Prima dell’allenamento, Manghi – 33 anni, ex tallonatore, oggi responsabile del settore juniores del Valorugby e preparatore fisico della prima squadra – si è raccontato senza filtri.
“Sono qui per portare una voce nuova”
Alla domanda sul perché tornare in Valtellina in un freddo giovedì di novembre, Manghi sorride: “Un weekend libero e una grande amicizia. E porto quello che vuole Antonio. Lavorerò sulla rimessa laterale, ma in generale spero di dare una voce nuova e una ventata d’aria fresca… anche se qui l’aria fresca non manca.”
Poi si fa serio: “Molto di quello che faccio l’ho imparato proprio da Zanichelli.”
Un percorso iniziato presto: “Non so come non si fa”
La sua storia ovale nasce all’Amatori Parma, dove entra a cinque anni e resta fino ai diciotto.
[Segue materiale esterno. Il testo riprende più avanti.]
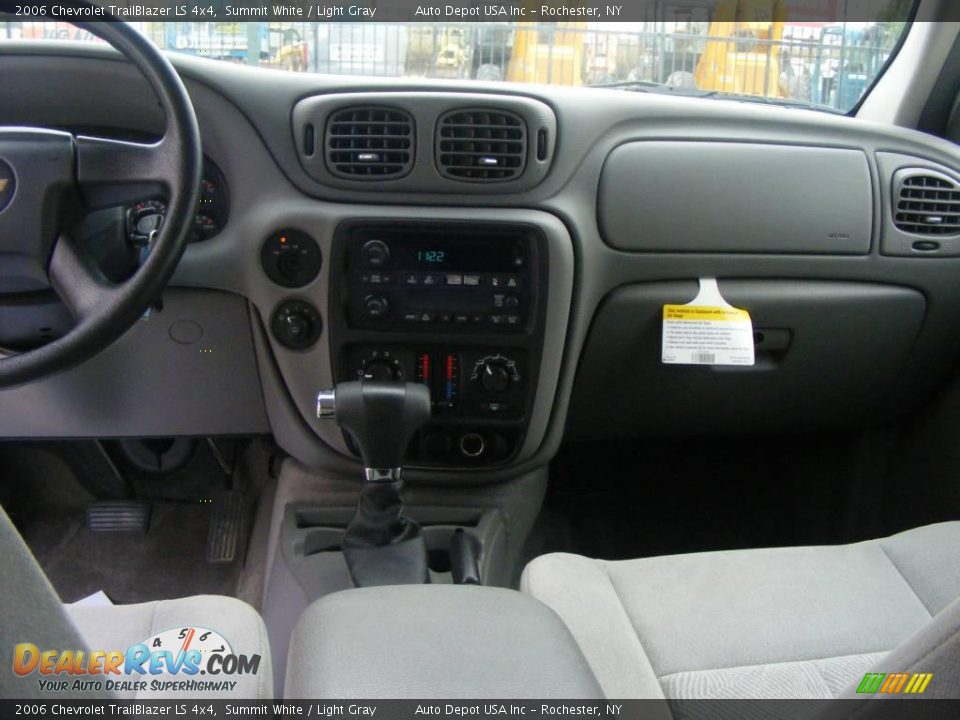 2006 Chevrolet TrailBlazer LS 4x4 Summit White / Light Gray Photo #9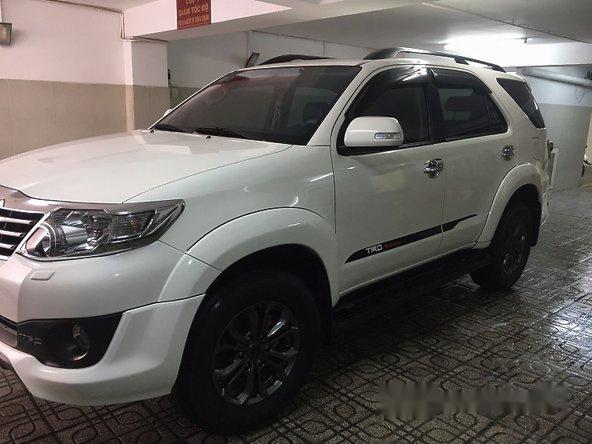 Cần bán xe Toyota Fortuner đời 2015, màu trắng chính chủ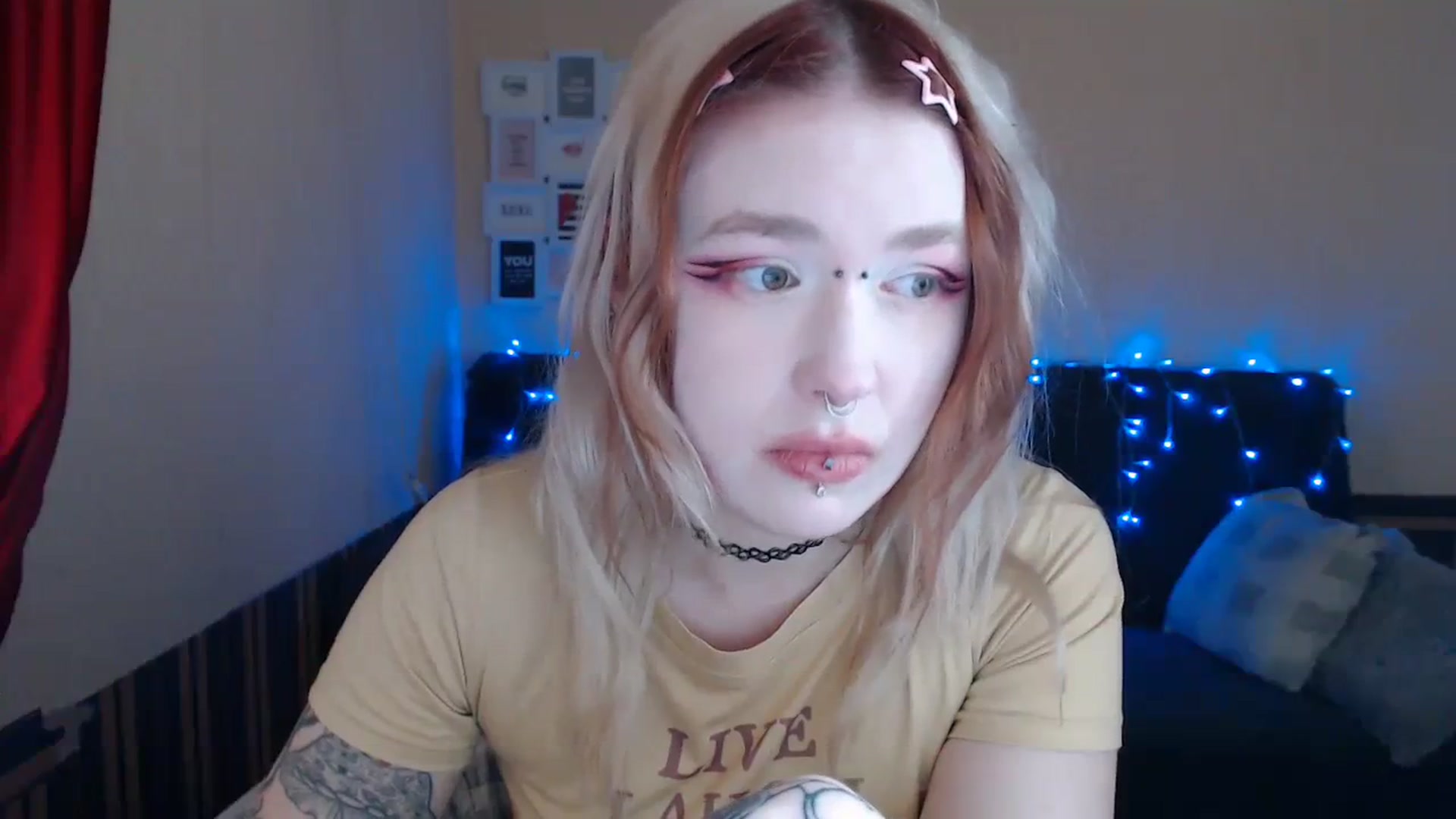 Gallery image thumbnail from Killinna's myfreecams stream on, 04/06/2024, 14:22 image 12 of 20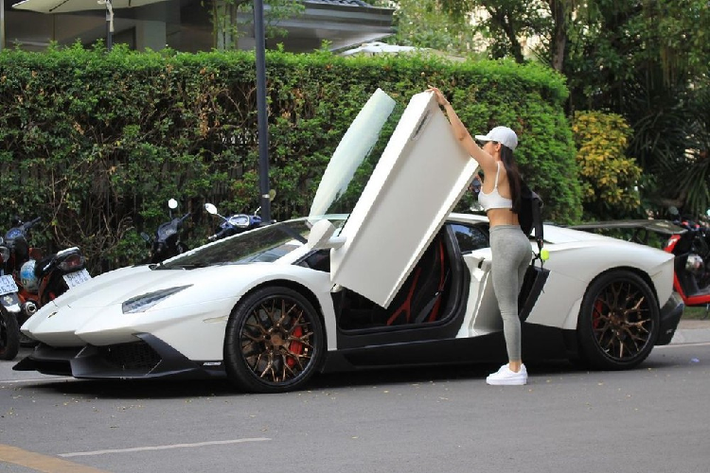 Trải qua nhiều đời chủ, trong đó, có 1 chủ nhân từng sở hữu chiếc siêu xe Lamborghini Aventador mang gói độ LP720-4 50º Anniversario độc nhất Việt Nam này - đó chính là hot girl nổi tiếng, cô gái ấy được biết đến với biệt danh Jessie Lương.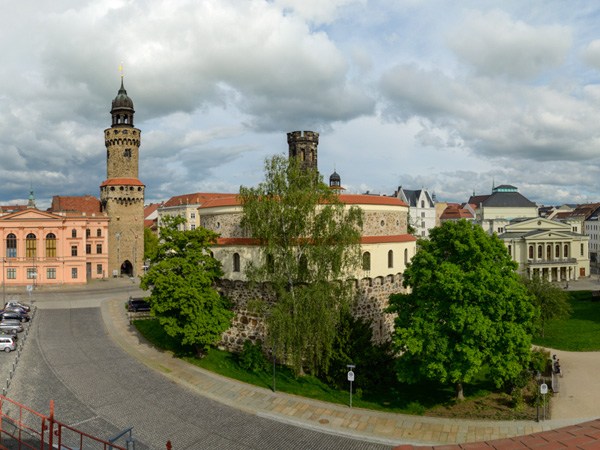 Blick aus der Alten Seilerei auf den Kaisertrutz und das Görlitzer Theater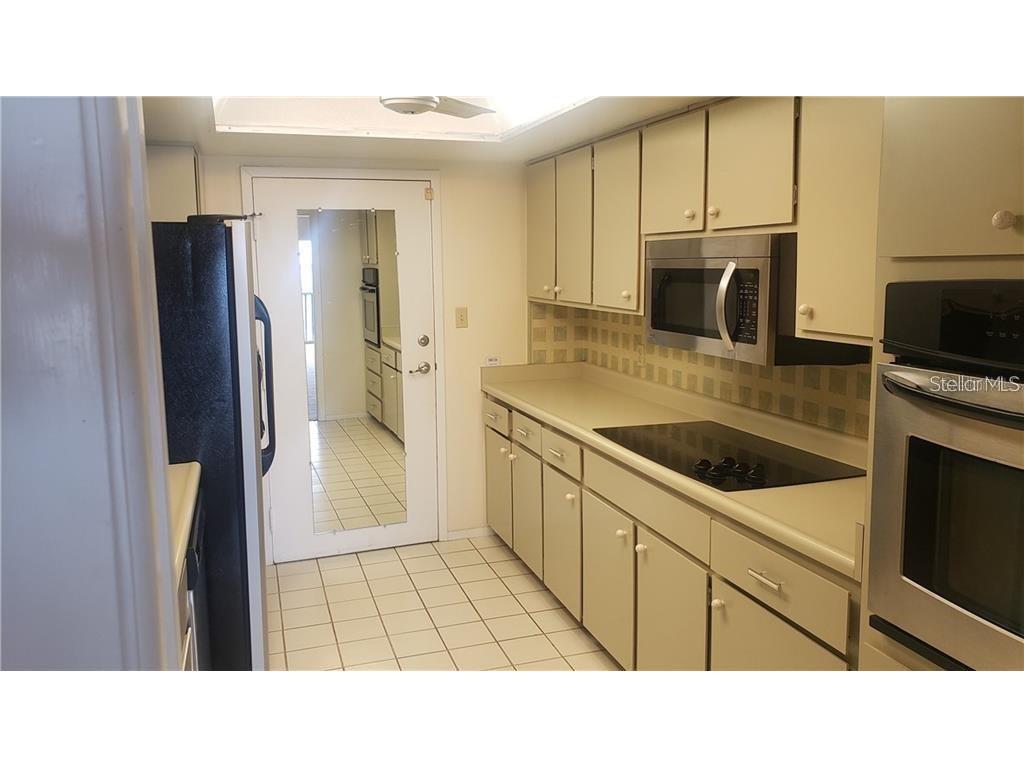 435 S Gulfstream Avenue #702 Sarasota FL 34236 A4662401 image6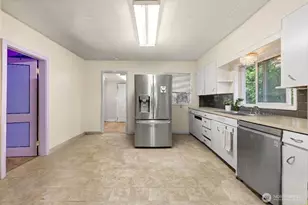 8643 Tacoma Ave S, Tacoma, WA 98444 - Photo 14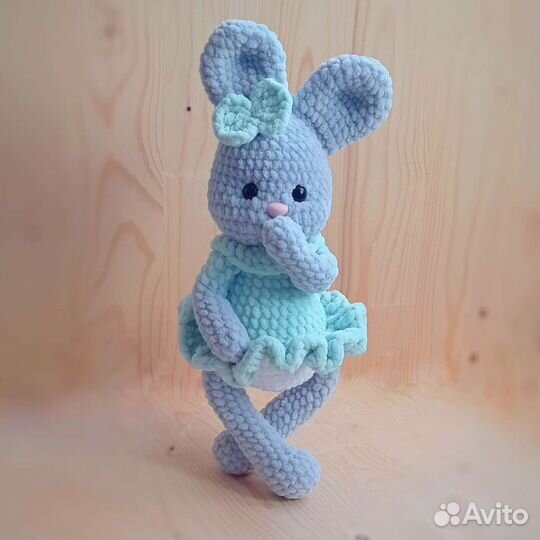 Мягкая игрушка - вязаный заяц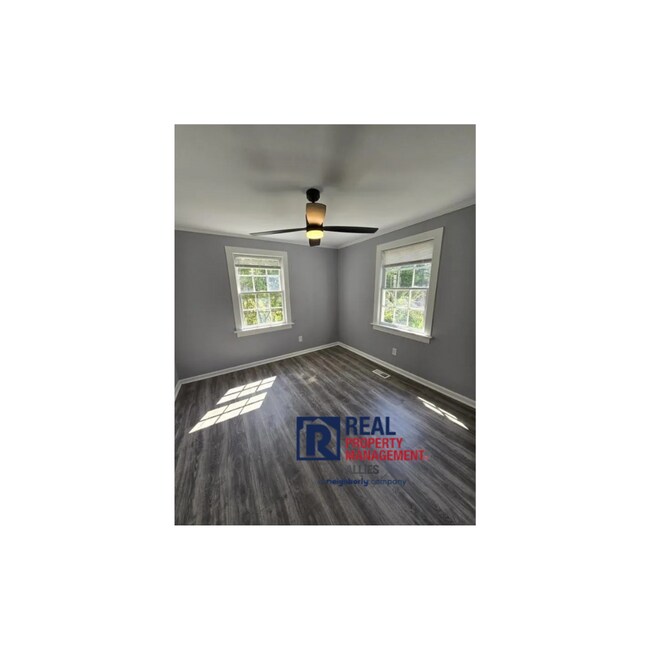 Building Photo - Fully Renovated and 10 minutes to downtown...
Esordisce tra i grandi con l’Overmach Parma in Coppa Italia, vince un titolo italiano U20 con i Crociati, passa dall’Accademia di Tirrenia, poi Parma e due anni a Rovigo.
La carriera finisce a 27 anni per infortunio, ma il rugby no. Da lì parte un nuovo capitolo: minirugby, giovanili, e oggi la guida dell’intero settore juniores del Valorugby.
Quando gli chiediamo com’è crescere in una famiglia piena di rugby, ride: “Non so come non si fa. Avevo tanti feedback, sempre.”
Il passaggio da giocatore ad allenatore
Manghi non la racconta romantica: “Oltrepassare quella linea è complicato. Per un paio d’anni è dura uscire dal campo da giocatore ed entrarci da allenatore: cambia tutto.”
Non aveva in programma di smettere così presto, ma considera prezioso il supporto ricevuto dal club. “Partire dai bambini piccoli mi ha aperto la testa. Lavorare con i giovani mi piace davvero.”
Il rugby come scuola di realismo
Alla domanda su cosa gli abbia insegnato il rugby, è netto: “A non prendere le cose sotto gamba e a valutare le persone.” Basta così. Una frase secca, ma pesante.
I ragazzi di oggi: comfort, fragilità e ascolto
Manghi è diretto: “È cambiato il modo di interagire. Per molti ragazzi lo sport non è una priorità. A casa hanno tutto… e perché dovrebbero uscire?”
Qui entra il ruolo delle società sportive: educazione, ascolto, presenza reale. Racconta un esempio quotidiano: “Oggi tanti ragazzi tornano da scuola e devono farsi da mangiare da soli. E anche lì gli insegni che vivere di grissini e formaggio non è una grande idea.”
Il punto è uno: “I ragazzi sono fragili. Il digitale mostra un mondo irreale che loro idealizzano. Fanno fatica a capire che non è raggiungibile. Per questo li ascolto uno a uno sulle cose importanti.”
“Non sono mai stato un bravo giocatore”
Il suo messaggio ai giovani è limpido: “Non sono mai stato un bravo giocatore. A chi vuole arrivare dico che bisogna crederci davvero. Devi metterlo al primo posto nella lista.”
Cosa vuole lasciare ai giocatori del Sondrio Rugby
Manghi non esita: “Qualche consiglio utile per ottimizzare quello che c’è già di buono.”
Se potesse parlare al Manghi diciottenne?
La risposta è un monito utile a molti: “Di impegnarmi di più e non fare solo quello che veniva richiesto. Curare di più i dettagli.”
Una serata che lascia il segno
Anche questa seconda tappa conferma la scelta di Zanichelli: portare a Sondrio idee, esperienze, contaminazioni tecniche e culturali. Un modo per crescere come squadra e come ambiente.
Manghi riparte e i ragazzi restano con un pugno di consigli che valgono più di mille discorsi: credere davvero nei propri obiettivi, ascoltarsi, imparare a fare bene anche le piccole cose. Perché nel rugby – come nella vita – i dettagli non mentono mai.